Data START
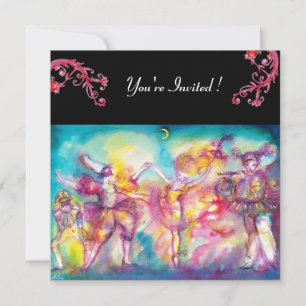 Invitation MASQUERADE BALL, fleurs rouges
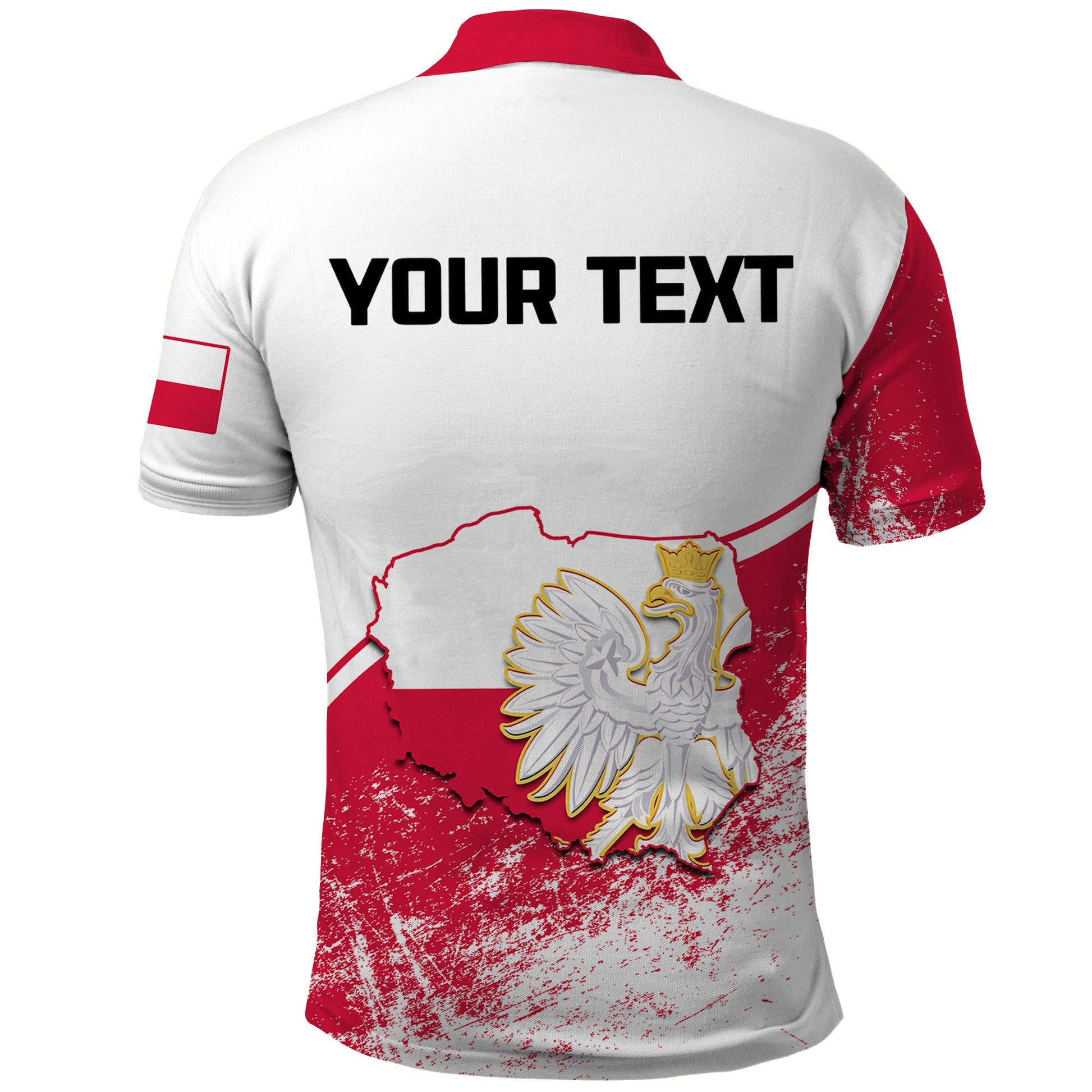 Custom Poland Constitution Day Polo Shirt Coat Of Arms Grunge Style LT14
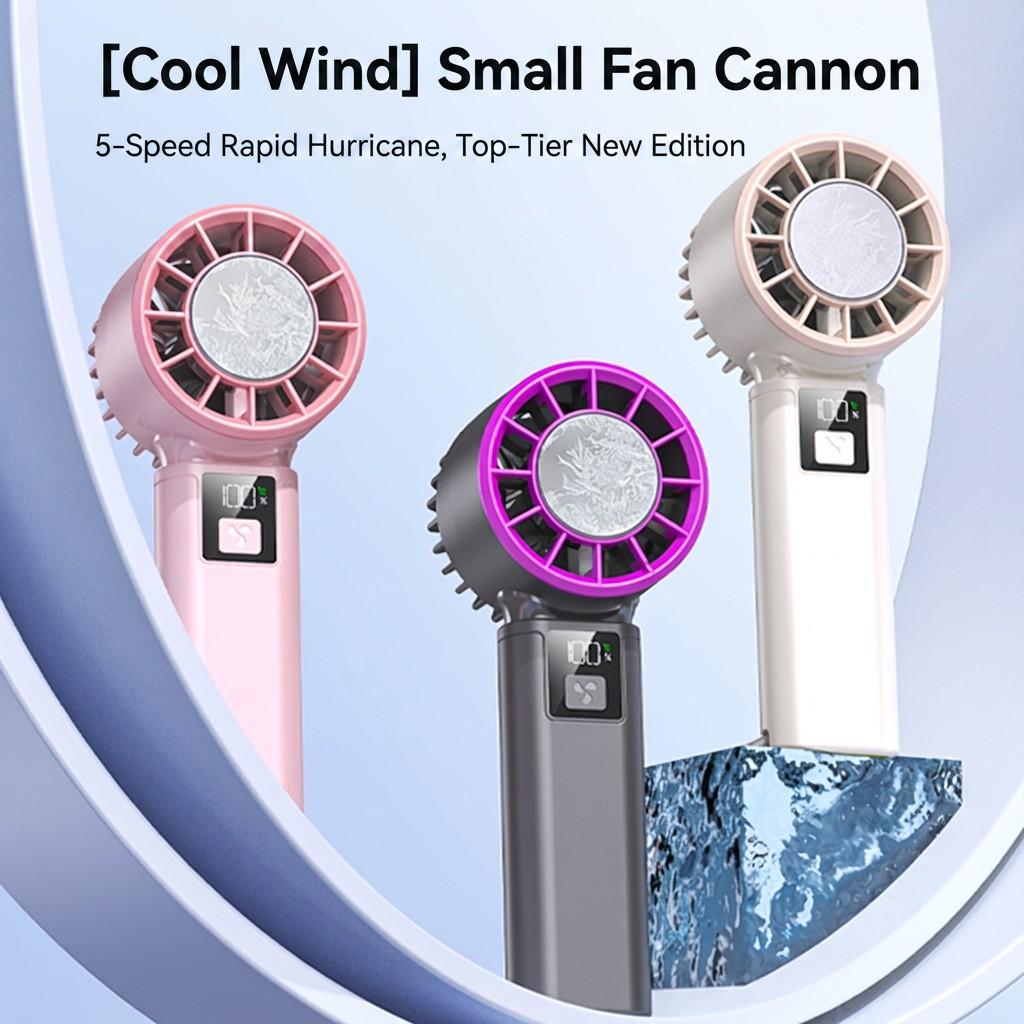 Mini Portable air Condition Cooling Fan 2000mA Lightweight USB Rechargeable Handheld Fan for Travel Outdoor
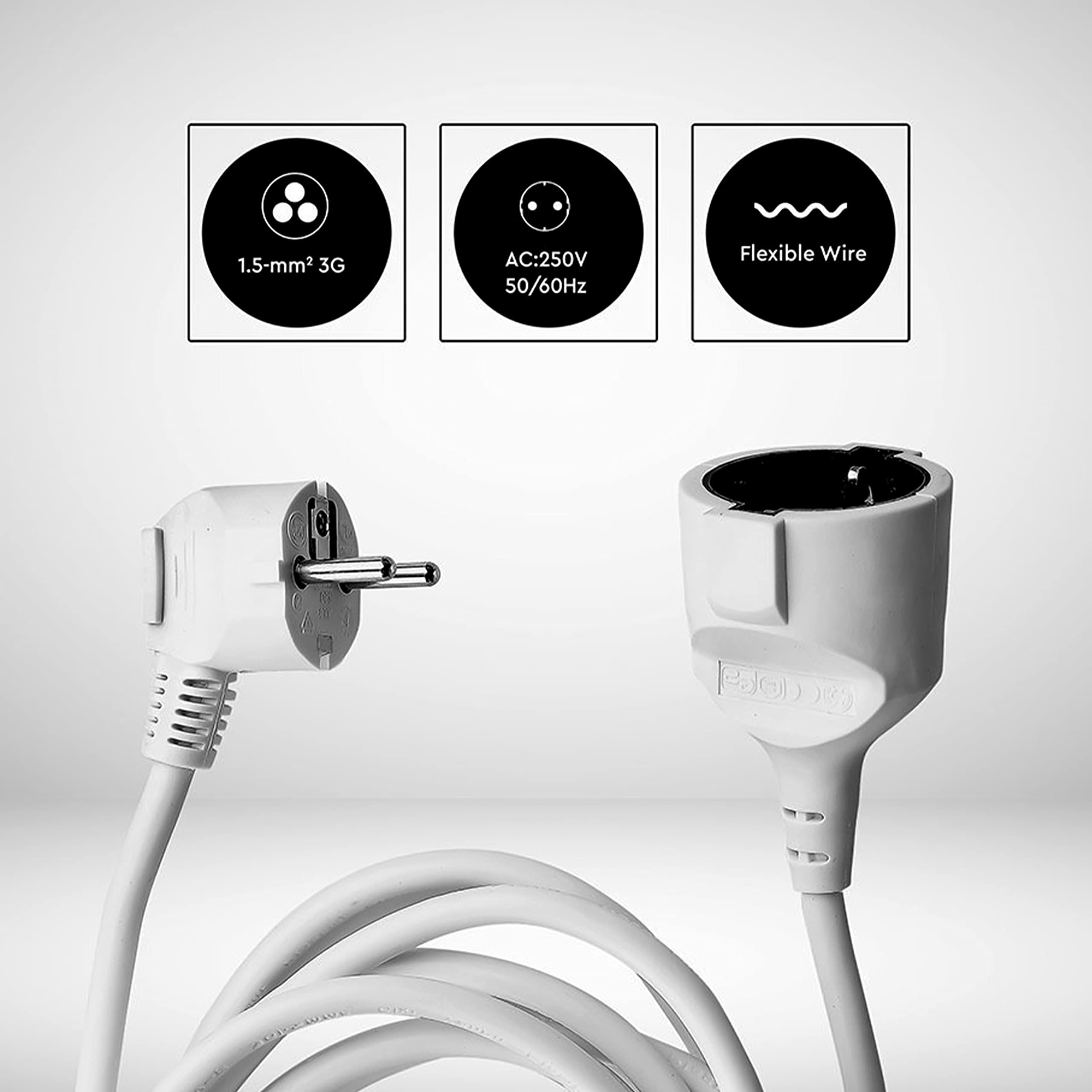 V-TAC Rallonge Électrique 5 MÈTRES - Prise Shuko - Prolongateur Électrique de Câble pour la Maison, Le Bureau, Le Magasin, Le Travail - Super résistante - Charge maximale 3680W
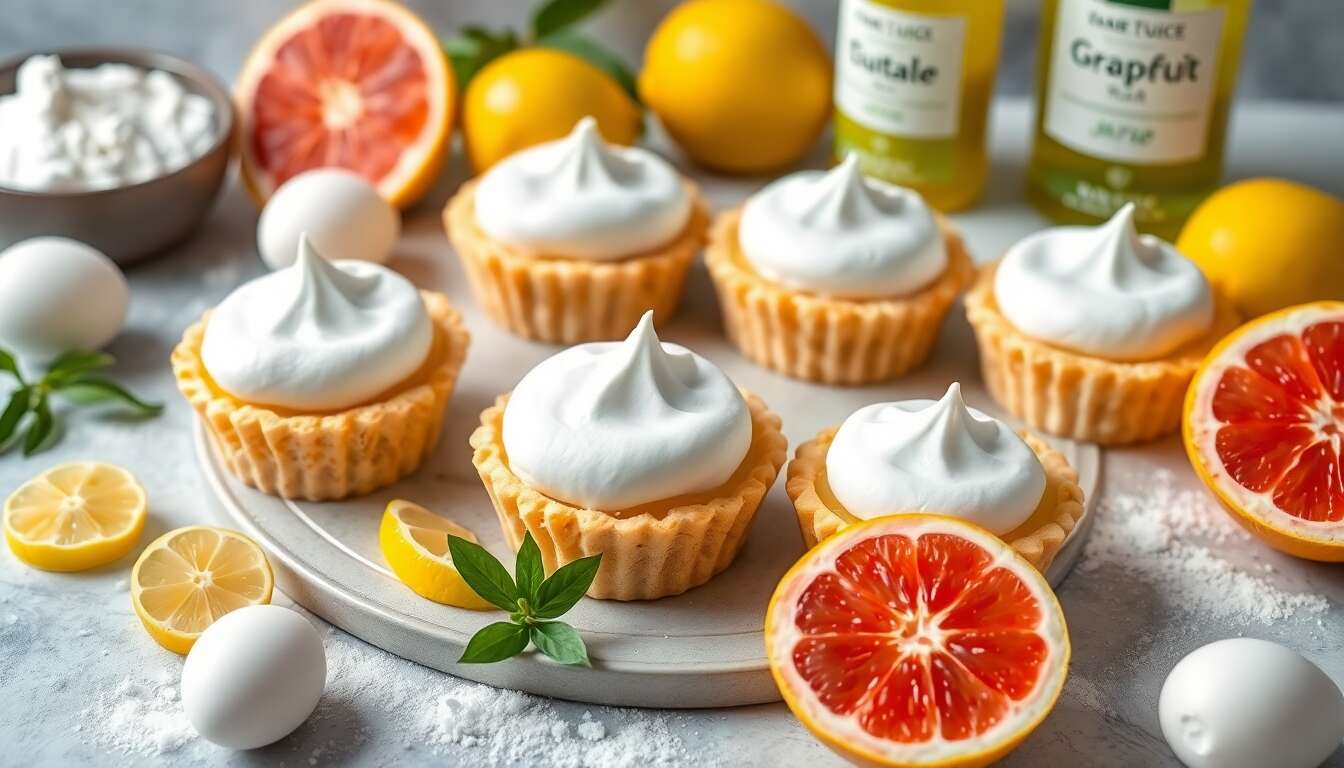 Tartelettes aux agrumes : citron, pamplemousse et yuzu meringuées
Data END
## Activity:
Return each line above word for word. Skip the pictures.

## Answer box:
 Invitation MASQUERADE BALL, fleurs rouges
 Custom Poland Constitution Day Polo Shirt Coat Of Arms Grunge Style LT14
 Mini Portable air Condition Cooling Fan 2000mA Lightweight USB Rechargeable Handheld Fan for Travel Outdoor
 V-TAC Rallonge Électrique 5 MÈTRES - Prise Shuko - Prolongateur Électrique de Câble pour la Maison, Le Bureau, Le Magasin, Le Travail - Super résistante - Charge maximale 3680W
 Tartelettes aux agrumes : citron, pamplemousse et yuzu meringuées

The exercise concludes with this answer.